What do you if you love your kids, your house, and your pets, but hate your wife?

It's sad to think I have to give up all the other things I love about my life just so I can have sex again. Our marriage is shot.

I don't want to end up alone in an apartment somewhere regretting my actions. Even though our kids are older (18 & 20 and still live at home) I feel this overwhelming sense of fatherly duty to make sure I'm a daily part of my kids lives so the make the right choices.


----------



## DelinquentGurl (Mar 25, 2011)

You say you hate your wife. What makes you hate her?
Would counseling be an option?
_Posted via Mobile Device_


----------



## Mom6547 (Jul 13, 2010)

Helicon said:


> What do you if you love your kids, your house, and your pets, but hate your wife?
> 
> It's sad to think I have to give up all the other things I love about my life just so I can have sex again.

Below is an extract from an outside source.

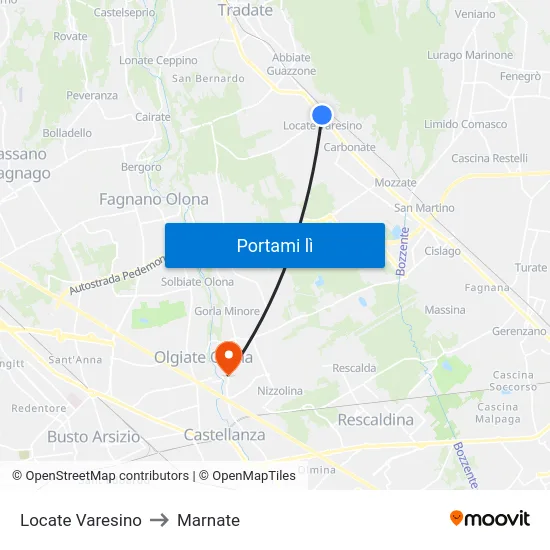 Locate Varesino to Marnate map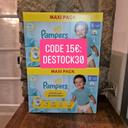 2 carton Pampers  Premium Protection Taille 5 : 152 couches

Our marriage is shot.
> 
> I don't want to end up alone in an apartment somewhere regretting my actions. Even though our kids are older (18 & 20 and still live at home) I feel this overwhelming sense of fatherly duty to make sure I'm a daily part of my kids lives so the make the right choices.


At 18 and 20, it is time for them to leave the nest and not have daily contact with Mommy and Daddy anyway.


----------